戦後農政を再び大転換させるという。経営意欲の高い担い手に農地や補助を集中する規模拡大路線から、戸別に農家を支援して、潜在的な意欲を引き出す、個を重視した農政に切り替える。
その上で、現在41%の食料自給率(カロリー換算)を50%に引き上げると基本計画はうたう。前政権の目標を5ポイント上回る。実現は容易なことではない。
政府が自給率アップのために鳴り物入りで導入を試みる農家の戸別補償制度さえ、目標達成にどう結び付けるのか、道筋が示されているとは言い難い。計画全体が未成熟という印象だ。その中で、比較的明快なのが、飼料米の増産だ。十年で生産量を八十倍に伸ばすという。飼料用米の栽培は手間がかからず、耕作放棄地対策にも直結する。国際的に食料事情が窮迫し、輸入飼料が高騰する中、畜産農家の期待も高い。
飼料用米を生産すると、戸別補償以外に、高い交付金が上乗せされる。飼料用米普及に必要なのは、需要と供給を結び付ける仕組みである。そしてその結び付け方は、地域によって異なるはずだ。

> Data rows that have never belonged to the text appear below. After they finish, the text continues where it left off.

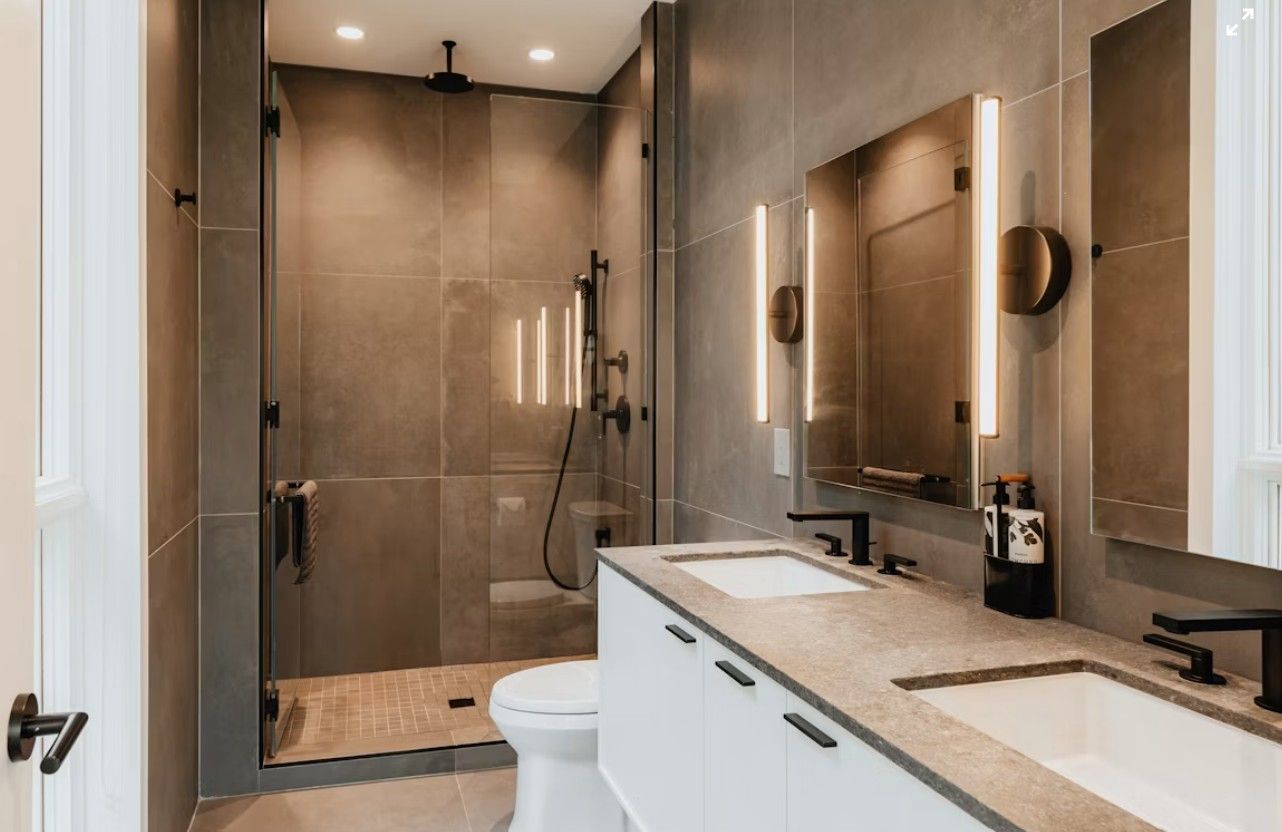 Modern bathroom with double vanity, large mirror, and glass-enclosed shower in neutral tones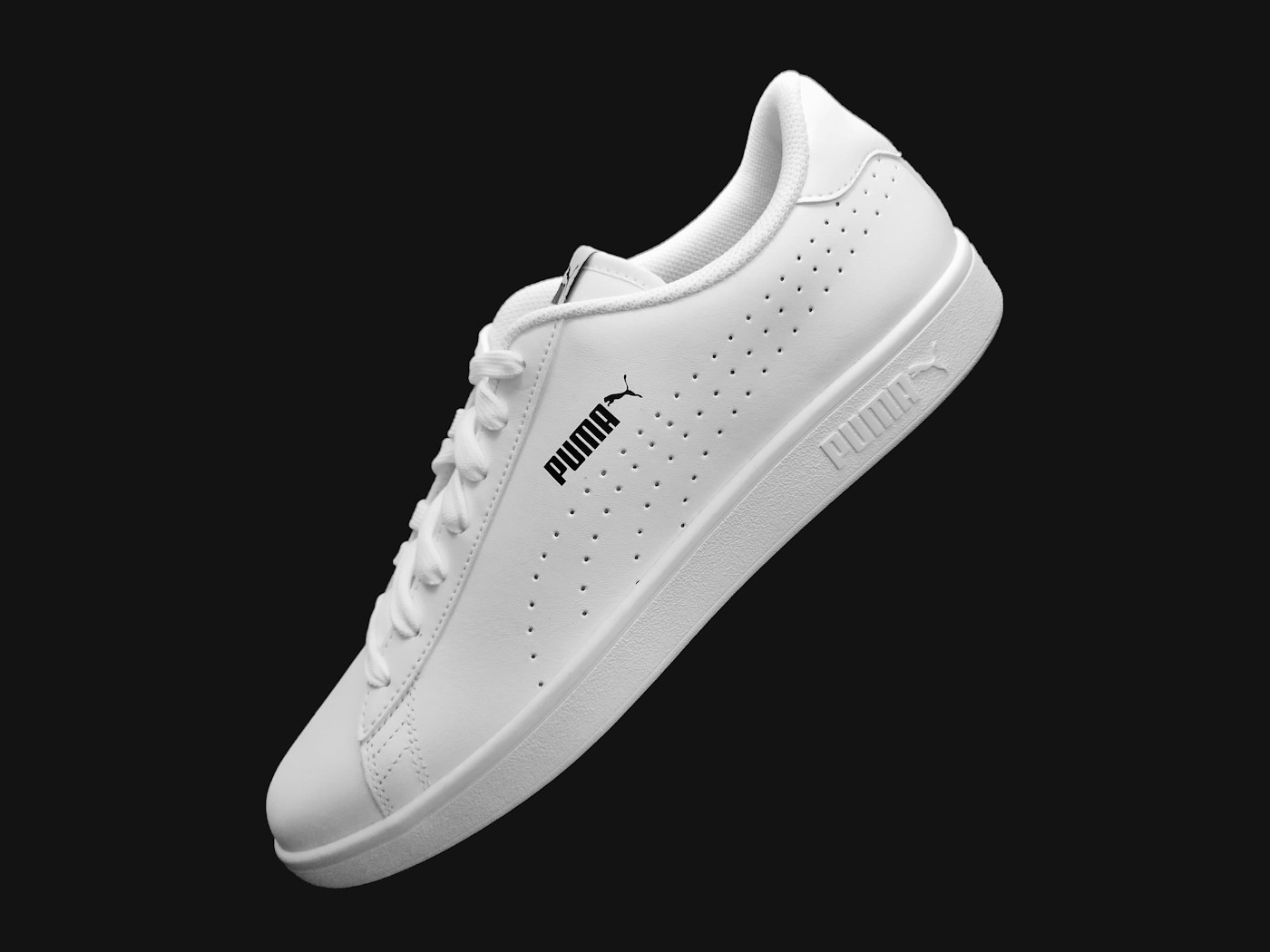 Tenis Puma branco em fundo escuro editorial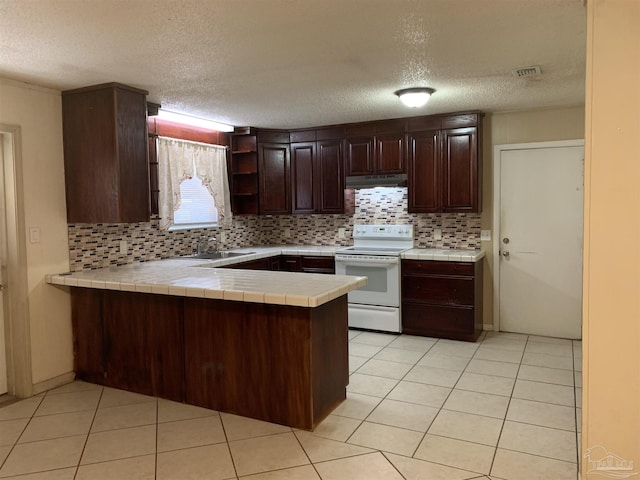 kitchen featuring sink, tile countertops, a textured ceiling, electric range, and kitchen peninsula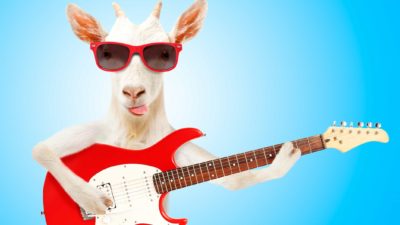 A crazy goat wearing sunglasses and playing the electric guitar, representing the unpredictable future of ASX agriculture shares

新基本計画のもう一つの柱、加工(二次)とサービス(三次)の機能を併せ持つ農業(一次)の「六次産業化」の在り方も、大都市が背後に控えた関東や東海と、米どころの東北とでは、おのずと違う。担い手への集中支援と戸別農家補償、この二者択一にこだわらず、地域の実情に応じて使い分けが可能な、政策の「複線化」が望ましい。
自給率アップのかぎは、地域連携の強化である。この際、新基本計画のもとで地方農政局ごとに、食料の生産、加工、流通などに関する地元のニーズや資源を洗い出し、お互いに活用し合えるような、地域戦略を立ててはどうか。
ことし中日農業賞の優秀賞に輝いた伊豆のワサビ生産者(40)は、静岡県全域で果物や野菜、花などを作る若手農業者、漁業者と「静岡のうりょく塾」を結成し、新たな特産品開発に乗り出した。農家単独ではなく、地域のネットワークによる「六次産業」のビジネスモデル、すなわち農業でもうける仕組みを提示できれば、後継者も増え、自給率向上への道もひらけてくるだろう。